Certains dogmes, malgré une intention louable ont créé bien des soucis, comme par exemple avec l’insertion du mot « consubstantiel » dans le symbole de foi à Nicée… parce qu’on ne savait pas comment le fonder sur les évangiles. Il a fallu d’autres conciles et d’autres formulations dogmatiques pour éclairer la christologie[8].

De la même manière, nous avons vu que les évangiles ne mentionnent presque pas Marie, et rien, dans aucun verset des évangiles canoniques, ne peut donner la moindre base à l’Immaculée conception ou à l’Assomption de la Vierge… Il fallait donc définir un dogme spécifique sur d’autres fondements que l’Écriture.

A condition toutefois de ne pas se trouver en contradiction avec elle. Or ce serait évidemment le cas avec le titre de «médiatrice »[9], incompatible avec l’épître à Timothée.

En outre, depuis la fin du premier millénaire, le caractère œcuménique des conciles s’est étiolé, (en se centrant par exemple sur la seule Église latine) et les dogmes ont été promulgués par de moins en moins d’évêques. C’est le pape Pie IX seul qui a décrété l’Immaculée conception par la bulle Ineffabilis Deus en 1854. Et en 1870 seulement, usant de sa toute nouvelle infaillibilité pontificale, ce même pape l’a proclamée dogme.

Nous avons donc quitté peu à peu les brèves références mariales que nous présentaient les évangiles pour ne faire reposer la présence de Marie que sur les 4 dogmes que nous connaissons, mais qui n’ont de fondations que dans la piété que nous lui accordons.

Il est alors aisé pour des féministes comme Uta Ranke-Heinemann de pointer le fait que sa sacralisation en tant que mère toujours vierge, qui n’a jamais péché, oriente davantage vers une idéalisation maternelle proposée par des clercs célibataires que ne gêne pas la proximité entre les états de mère et d’épouse de Jésus. C’est ce que cette théologienne militante développe dans Des eunuques pour le Royaume.

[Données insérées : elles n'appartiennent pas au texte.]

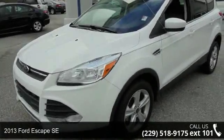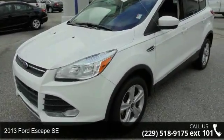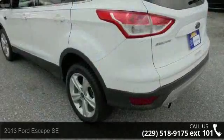Check out this 2013 Ford Escape SE. If you are looking for a first-rate auto, this one could be yours today.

En s’appuyant sur une aspiration populaire plus psychologique sans doute que théologique, la survalorisation cléricale, détournée de sa fonction typologique, est un excellent moyen de clore Marie dans l’idéalisation d’une supra-féminité. Cette modélisation renvoie les femmes « ordinaires » à une représentation d’elles-mêmes irréaliste qui les conforte dans la position subordonnée que leur assigne l’institution.

Est-ce à dire- oh hérésie- qu’il faut récuser les dogmes concernant Marie ?

Une commission théologique internationale réunie en 1989, a précisé ce qu’il convient de savoir et de croire, à propos des dogmes dans un document sur L’interprétation des dogmes. Elle explique notamment que :

« La crise actuelle (générale et mondiale) de la tradition est devenue l’un des défis spirituels les plus fondamentaux de notre époque. (…) [Elle reconnaît que : je cite :] Le concile Vatican II a (…) mis en valeur la dimension historique des dogmes. Il enseigne que le peuple de Dieu en son entier participe à l’office prophétique du Christ et que, avec l’aide du Saint-Esprit, il y a dans l’Église un progrès dans l’intelligence de la Tradition apostolique. » Mais c’est pour mieux affirmer ensuite que « dans un sens strict (sens qui n’a été précisé qu’à l’époque moderne), un dogme est une doctrine dans laquelle l’Église prononce une vérité révélée de façon définitive, sous une forme qui oblige universellement la communauté ecclésiale, et de telle sorte que sa négation est rejetée comme une hérésie et sanctionnée par l’anathème ».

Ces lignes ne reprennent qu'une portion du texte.